Loan defaults hit Sh403 billion as CRB listing starts

Central Bank of Kenya Governor Patrick Njoroge. FILE PHOTO | NMG

What you need to know:

  • Defaulters look set to appear in the books of Kenya’s three CRBs — Metropol, TransUnion and Creditinfo International—from January after the expiry of the 90-day notice.
  • The rise in defaulted credit looks set to trigger a jump in property auction as banks move faster to seize assets from defaulters.
  • More than 3.2 million Kenyans were listed as loan defaulters with the CRBs before the outbreak in an economy where job cuts and near-stagnant wages have left thousands of people in a debt trap.

Workers and businesses have defaulted on loans worth Sh53.95 billion since the onset of coronavirus restrictions in March, paving the way for blacklisting of thousands of borrowers with credit reference bureaus (CRBs) from January.

Data from the Central Bank of Kenya (CBK) shows that non-performing loans (NPLs) rose to Sh403.9 billion in October, up from Sh349.9 billion at the end February — the sharpest eighth-month increase in recent history.

“NPL increases were noted in the transport and communication, energy and water, tourism, restaurants and hotels and real estate sectors, mainly due to disruptions of the businesses,” said CBK Governor Patrick Njoroge.

“The increases in NPLs were partially offset by repayments and recoveries in the trade, manufacturing, building and construction sectors.”

This came after the expiry of the six-month freeze for listing loans defaulted during the Covid-19 era with the three CRBs, ushering in a busy season for the bureaus.

But the defaulters look set to appear in the books of Kenya’s three CRBs — Metropol, TransUnion and Creditinfo International—from January after the expiry of the 90-day notice.

The CBK announced the suspension of CRB listing for loans that were defaulted after April 1, and the relief was to last for six months to September 30.

The NPL growth emerged when Kenyans deferred payments of 46.5 percent of the bankers’ total loans or Sh1.38 trillion, a pointer that defaults — which is credit that remains unpaid for more than 90 days — could have been worse without the credit rescheduling.

The ratio of NPLs rose from 12.7 percent in February to 13.6 percent — the highest since August 2007 when it stood at 14.41 percent.

Industries and other businesses have since cut down on their activities in response to the infectious disease, leading to job cuts and unpaid leave for retained staff as profitable firms move into losses.

The rise in defaulted credit looks set to trigger a jump in property auction as banks move faster to seize assets from defaulters in a year when a majority of top lenders are expected to issue profit warning on costs linked to bad loans.

Industries and other businesses have since cut down on their activities in response to the infectious disease, leading to job cuts and unpaid leave for retained staff as profitable firms move into losses.

About 1.72 million workers lost jobs in three months to June when Kenya imposed coronavirus-induced lockdown that led to layoffs and pay cuts.

This has seen workers who had tapped mortgages and unsecured loans for purchase of goods such as furniture and cars and expenses like school fees default.
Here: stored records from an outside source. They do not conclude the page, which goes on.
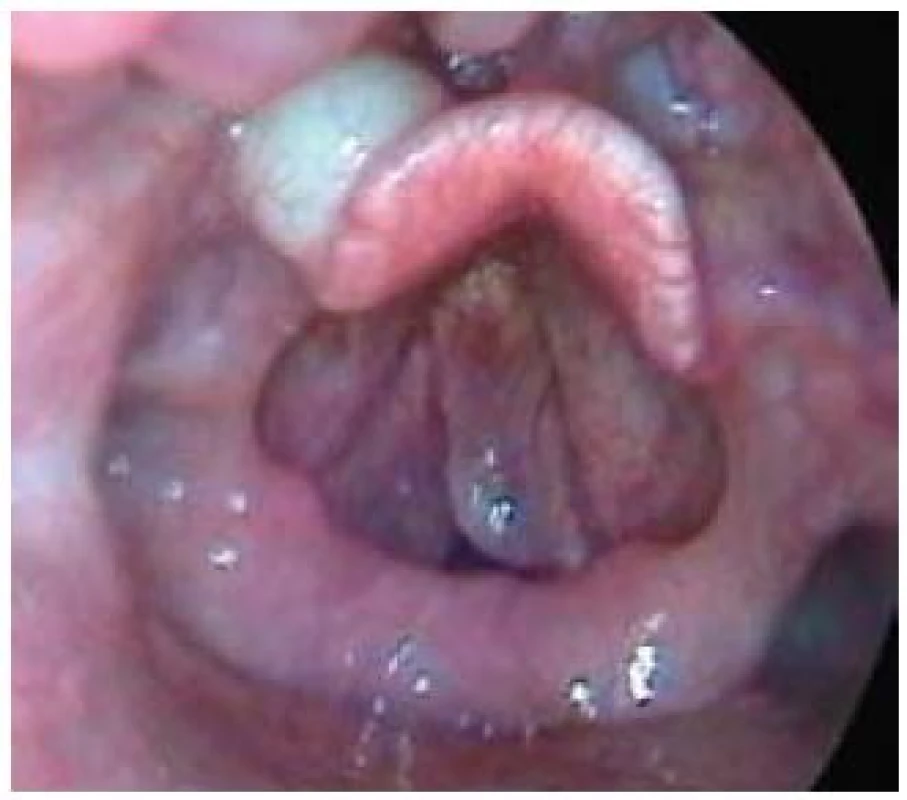 Cysta levé glossoepiglotické valekuly (kromě toho je přítomný na obou hlasivkách Reinkeho edém).
Fig. 9. Cyst of the left glossoepiglottic vallecula (Reinke’s oedema of both vocal cords is also present).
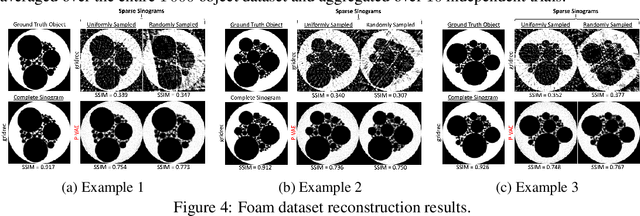 Figure 4 for A Self-Supervised Approach to Reconstruction in Sparse X-Ray Computed Tomography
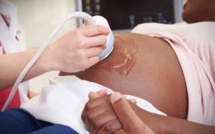 Quels sont les symptômes de la fausse couche ?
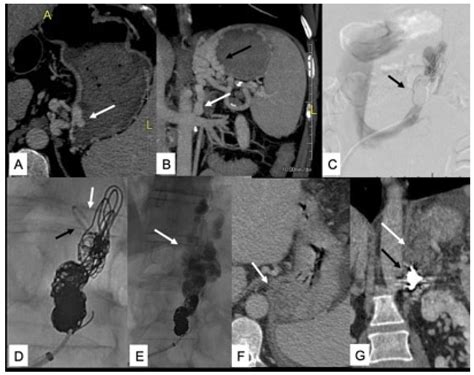 Jcm Free Full Text Cognitive Impairement In Non Cirrhotic Portal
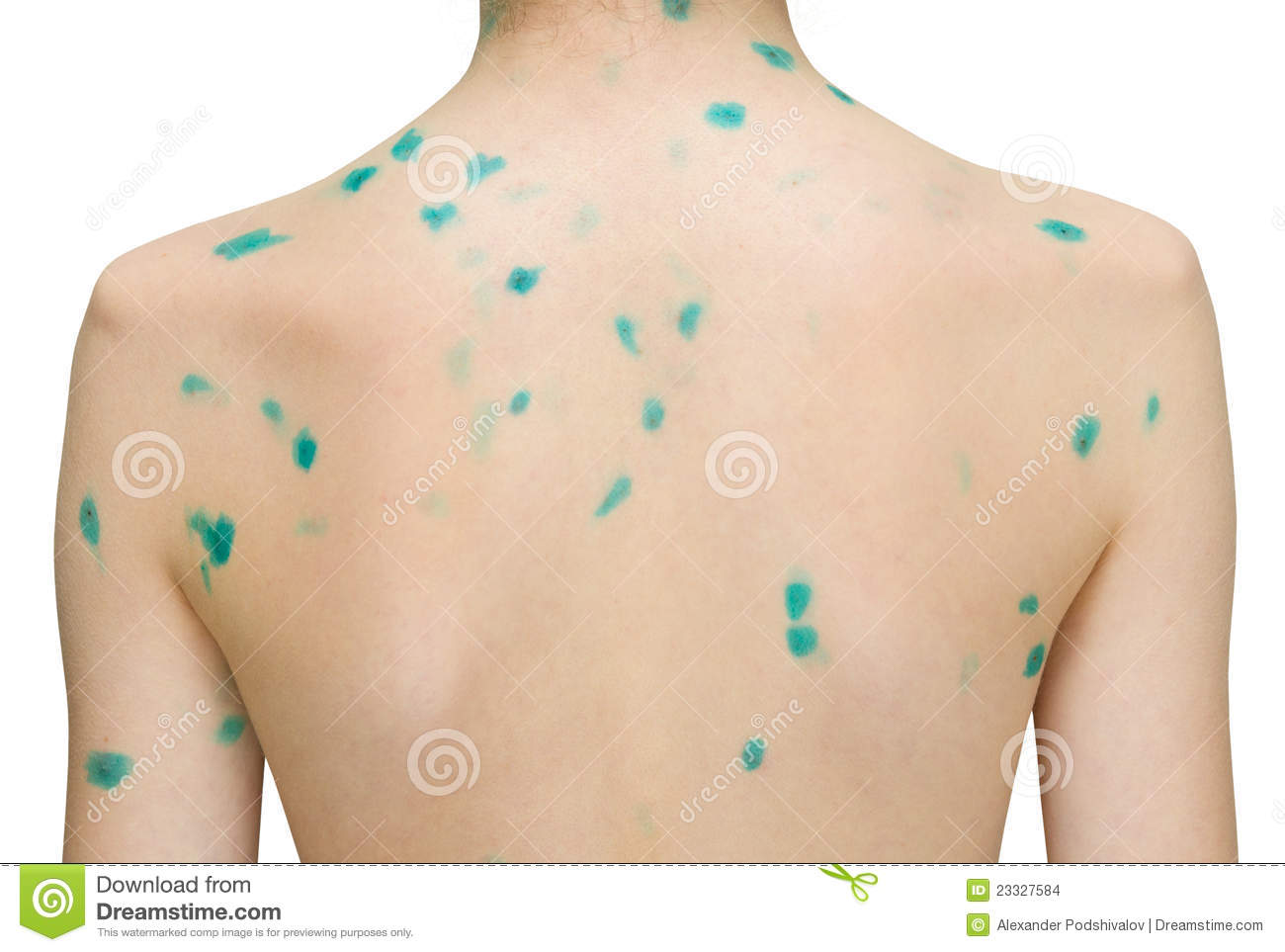 Chicken Pox Stock Images   Image  23327584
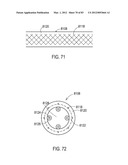  SHIELDED IMPLANTABLE MEDICAL LEAD WITH REDUCED TORSIONAL STIFFNESS diagram and image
Unsecured loans are given on the strength of one’s salary.

The Kenya National Bureau of Statistics (KNBS) is yet to release the jobs report for the quarter to September.

Firms that had borrowed based on the forecast of cash flows have also been struggling to repay their bank loans.

More than 3.2 million Kenyans were listed as loan defaulters with the CRBs before the outbreak in an economy where job cuts and near-stagnant wages have left thousands of people in a debt trap.

Data from the CRBs show that the accounts negatively listed have jumped from 2.7 million last year, most of them linked to mobile digital borrowers.

The default rates have jumped in the wake of the coronavirus outbreak. This could increase the number of defaulters reported to the three CRBs.

The CRB listing relief was part of a stimulus package announced on March 25 to cushion distressed businesses and households from the effects of the pandemic.

The Treasury last week downgraded Kenya’s growth forecast for the year to 0.6 percent amid the economic fallout from the Covid-19 pandemic — making it the lowest expansion in 12 years.